An in-depth examination of the music of the 78 era.
Monday, August 2, 2010
"K.C. Moan" - Memphis Jug Band
Set Three: Songs; Disc Two; Track Eleven: "K.C. Moan" performed by Memphis Jug Band. "Vocal trio with harmonica, kazoo, banjo, jug, guitar." Recorded in Memphis on October 4, 1929. Original issue Victor V-38558A.
Recorded just fifteen days before the Stock Market Crash of 1929, "K.C. Moan" is described by Smith as a "quartet arrangement of a well known work song." At the time of this recording, the Memphis Jug Band consisted of Will Shade on harmonica and vocal, Tee Wee Blackman on lead vocal and guitar, Charlie Burse on guitar, Ben Ramey on vocal and kazoo, and Jab Jones on jug. Of the members of the group heard on this recording, only Shade and Ramey are also on "Bob Lee Junior Blues."
I thought I heard that K.C. when she blowed. Oh, I thought I heard that K.C. when she blowed. Oh, I thought I heard that K.C. when she blowed. She blowed like my woman’s on board.
When I get back on that K.C. road, Oh, when I get back on that K.C. road, Oh, when I get back on that K.C. road, Gonna love my baby like I never loved before.

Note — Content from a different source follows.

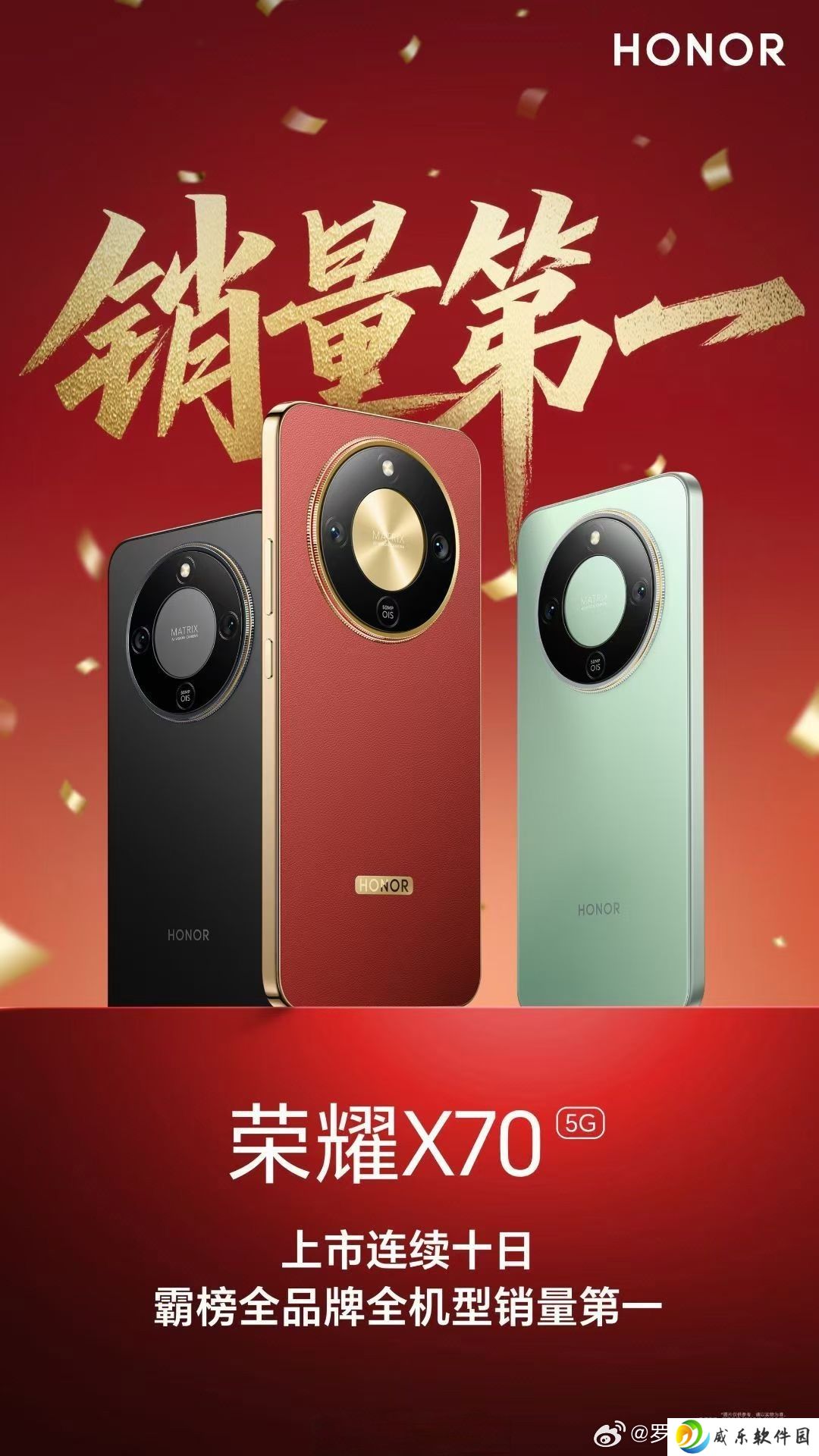 荣耀 X70 5G 手机上市连续十日霸榜全品牌全机型销量第一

"K.C. Moan" is an extremely laid back performance of a very simple song. Only two if the three verses contain lyrics. The two verses with lyrics feature only two lines each (with the first line repeated three times). This song is an object lesson in how a song need not be complex in order to be effective. If Smith's conjecture about the song's origin as a work song is correct, the speaker in the song is likely a prisoner listening with longing to the sound of a train going by, wishing that his woman was on her way to meet him. In the second verse, he sings about going home and how he is going to "love [his] baby like [he] never loved before" once he gets there. As Smith notes, "the train is a constantly recurring symbol" in such songs. Johnny Cash would make use of a similar image in his "Folsom Prison Blues."
Jab Jones, who plays the jug on this recording, appears elsewhere on the Anthology, playing piano on "Expressman Blues"
"K.C. Moan" is the fourth of five work songs in a row.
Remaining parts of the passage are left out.